======== Source material ========

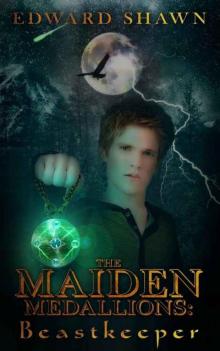 The Maiden Medallions: Beastkeeper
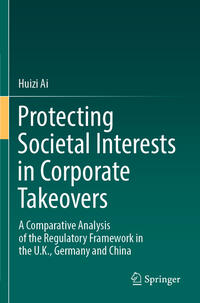 Vorderes Coverbild Protecting Societal Interests in Corporate Takeovers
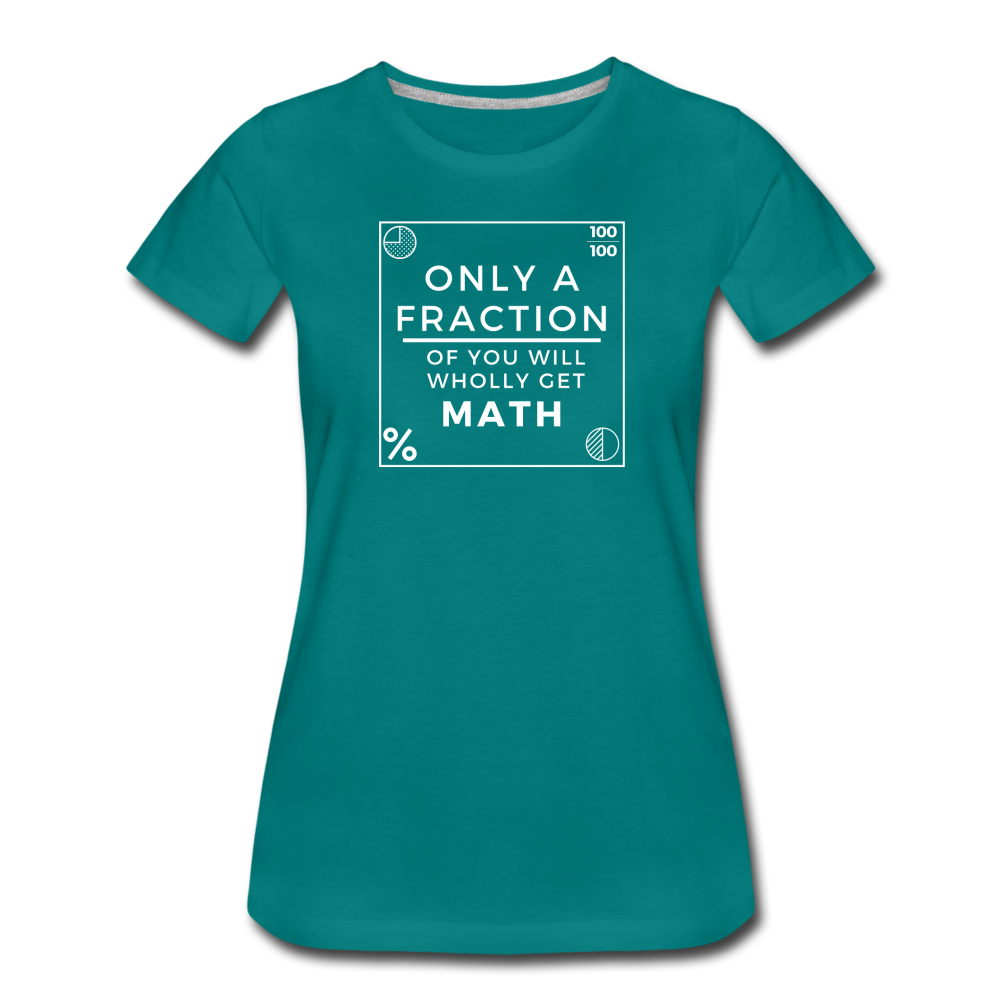 Only a Fraction Wholly Get Math - Women’s Premium T-Shirt - teal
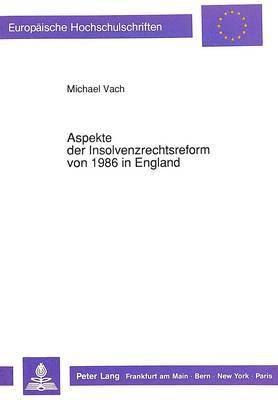 bokomslag Aspekte Der Insolvenzrechtsreform Von 1986 in England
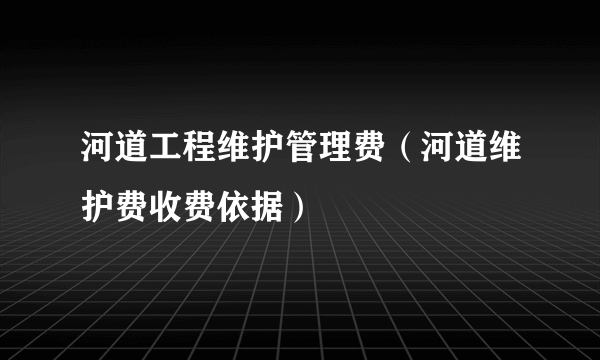 河道工程维护管理费（河道维护费收费依据）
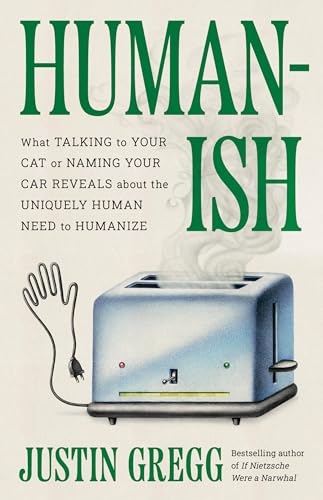 cover image Humanish: What Talking to Your Cat or Naming Your Car Reveals About the Uniquely Human Need to Humanize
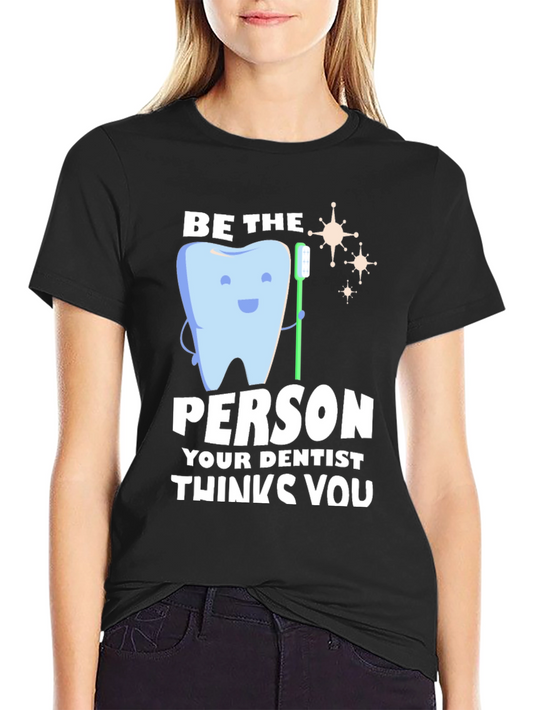 Dentist Humor T-Shirt - Be the Person Your Dentist Thinks You Are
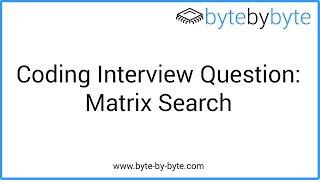 Interview Question: Matrix Search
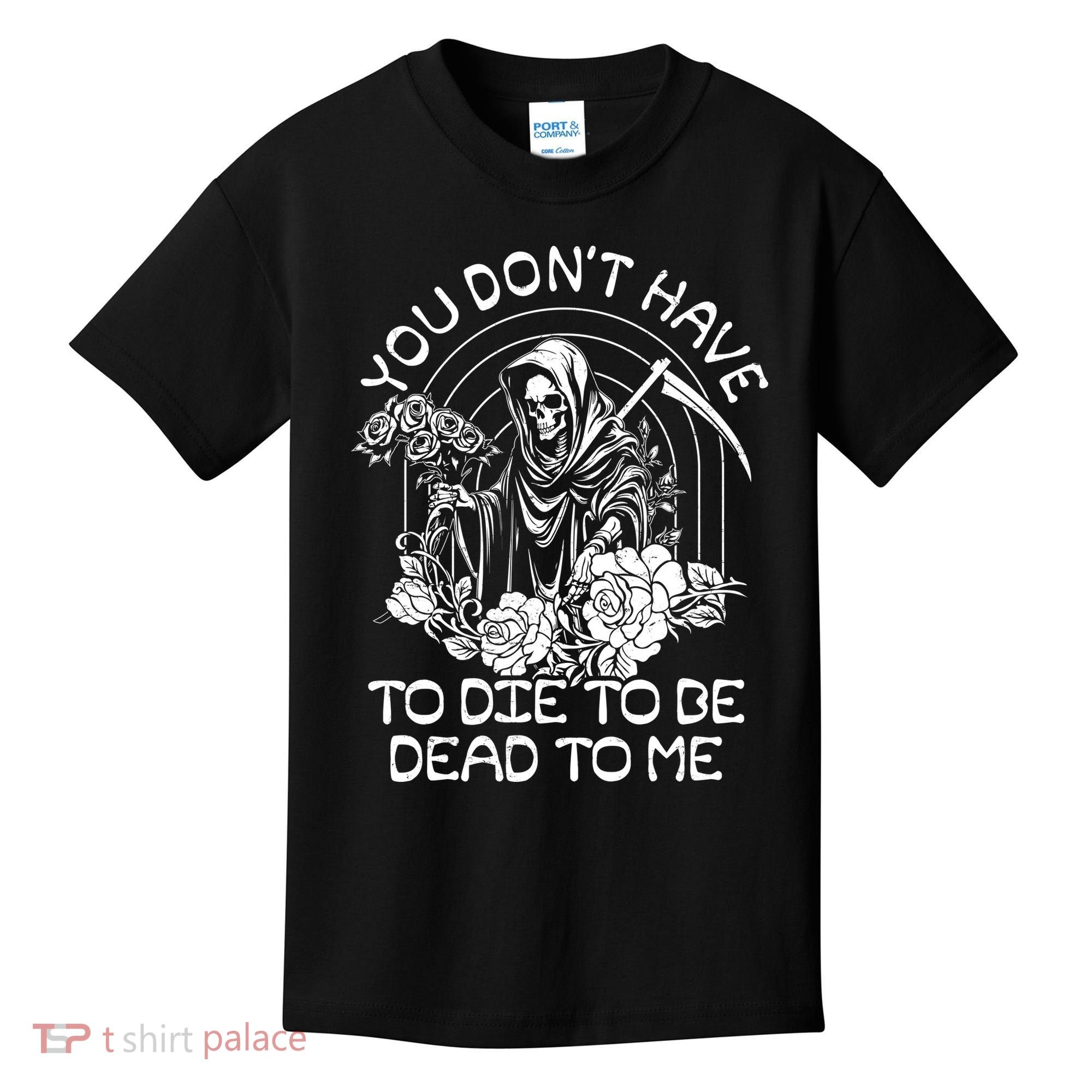 You Dont Have To Die To Be Dead To Me Floral Skeleton Grim Reaper Kids T-Shirt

========

**Action item**
Please set down the lines from the one with "bokomslag Aspekte Der" to the end of the entries above, exactly as they are, and drop every picture.

**Solution**
 bokomslag Aspekte Der Insolvenzrechtsreform Von 1986 in England
 河道工程维护管理费（河道维护费收费依据）
 cover image Humanish: What Talking to Your Cat or Naming Your Car Reveals About the Uniquely Human Need to Humanize
 Dentist Humor T-Shirt - Be the Person Your Dentist Thinks You Are
 Interview Question: Matrix Search
 You Dont Have To Die To Be Dead To Me Floral Skeleton Grim Reaper Kids T-Shirt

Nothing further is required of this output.